Henry Brett (died 1724) was an English man about town, an army officer and Tory politician. He was involved in the theatrical world, and an associate of the playwrights Joseph Addison and Richard Steele.

==Life==
He was the eldest son of Henry Brett of Cowley, Gloucestershire. Colley Cibber, who was a close friend, says that the young Brett was sent to Oxford and entered at the Temple, but was an idler about town in 1700, when he married Anne, the divorced wife of Charles Gerard, 2nd Earl of Macclesfield, who succeeded to the title in 1693. She was daughter of Sir Richard Mason, knight, of Sutton, Surrey, and married the Earl of Macclesfield, then Lord Brandon, in 1683, but separated from him soon after. She had two illegitimate children, one of whom, by Richard Savage, 4th Earl Rivers, was possibly the poet Richard Savage. The countess was divorced in 1698, when her fortune was returned to her, and two years later she married Henry Brett.
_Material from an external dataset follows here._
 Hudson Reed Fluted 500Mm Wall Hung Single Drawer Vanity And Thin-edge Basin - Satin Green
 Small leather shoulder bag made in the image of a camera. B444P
He was very handsome, and the lady's sympathy is said to have been evoked by an assault committed on him by bailiffs opposite her windows.

After his marriage Henry Brett was for a short time Member of Parliament for the borough of Bishop's Castle, in Shropshire. He also obtained in 1705 the lieutenant-colonelcy of a regiment of foot newly raised by Sir Charles Hotham, but parted with it soon after.

Brett was a well-known member of the little circle of which Addison was the head, and which held its social gatherings at Will's and afterwards at Button's. He is supposed to be the Colonel Rambler of The Tatler (No. 7). He rebuilt Sandywell Park, which he sold to Lord Conway, and at one time had a share in the patent of Drury Lane Theatre (Cibber, Apology, p. 212). He survived his friend Addison, and died, rather suddenly, in 1724.

==Family==
After her father's death, Brett's daughter, Anna Margharetta Brett, who appears to have been the sole issue of the marriage, and who is described as a dark, Spanish-looking beauty, became the recognised mistress - the first English one - of George I of Great Britain, then in his sixty-fifth year, by whom she is believed to have had no children. The young lady's ambition and prospects of a coronet were disappointed through the death of the king in 1727, and she subsequently married Sir William Leman, 3rd Baronet, of Northaw or Northall, Hertfordshire, and died without issue in 1743.

Mrs. Brett lived to the age of eighty. She died at her residence in Old Bond Street, London, on 11 October 1753. She is said to have been a woman of literary tastes, and Colley Cibber is said to have submitted to her revision the manuscript of his best play, The Careless Husband, which was first put on the boards in 1704.

Colonel Arthur Brett (whose daughter married Thomas Carte, the historian) is sometimes confused with Henry Brett.